> _Task goal_
Retype only the lines below from the one with "this 250×188 image." to the one with "this 1280×720 image.", inclusive, skipping every image.

(Extracted material Opens)

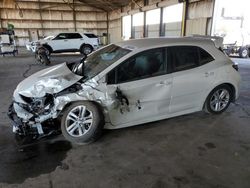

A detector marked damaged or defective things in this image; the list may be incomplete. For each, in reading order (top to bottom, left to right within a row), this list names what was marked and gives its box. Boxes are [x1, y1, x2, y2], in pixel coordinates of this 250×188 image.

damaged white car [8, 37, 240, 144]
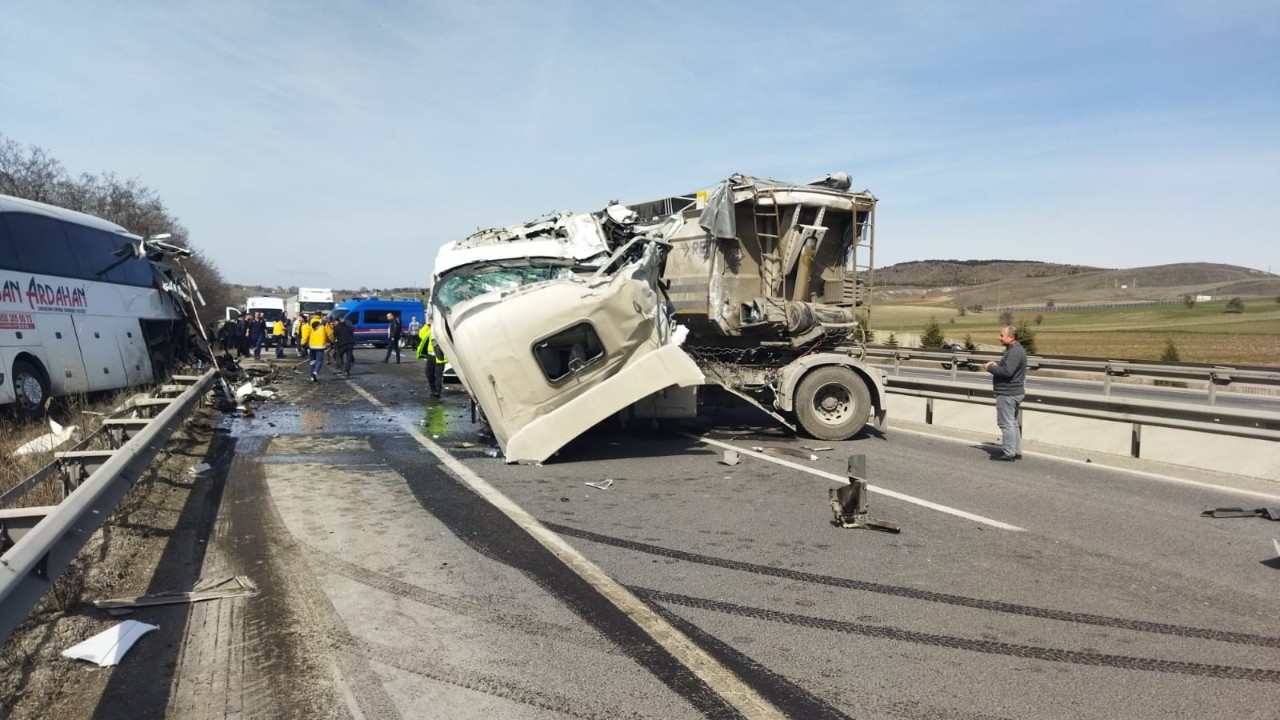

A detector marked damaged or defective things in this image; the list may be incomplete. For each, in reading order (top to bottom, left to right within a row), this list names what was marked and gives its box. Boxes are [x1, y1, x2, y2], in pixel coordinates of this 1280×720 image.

(Extracted material Closes)
(Extracted material Opens)

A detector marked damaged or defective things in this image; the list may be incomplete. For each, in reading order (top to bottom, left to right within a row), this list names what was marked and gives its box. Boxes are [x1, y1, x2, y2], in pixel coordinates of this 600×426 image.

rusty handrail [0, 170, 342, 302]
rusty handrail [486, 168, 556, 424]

(Extracted material Closes)

> _Solution below_
A detector marked damaged or defective things in this image; the list may be incomplete. For each, in reading order (top to bottom, left to right within a row), this list names what was marked and gives its box. Boxes are [x1, y1, x2, y2], in pixel coordinates of this 250×188 image.

damaged white car [8, 37, 240, 144]

A detector marked damaged or defective things in this image; the list may be incomplete. For each, in reading order (top to bottom, left to right within a row), this list names what was marked and gives its box. Boxes are [x1, y1, x2, y2], in pixel coordinates of this 1280×720 image.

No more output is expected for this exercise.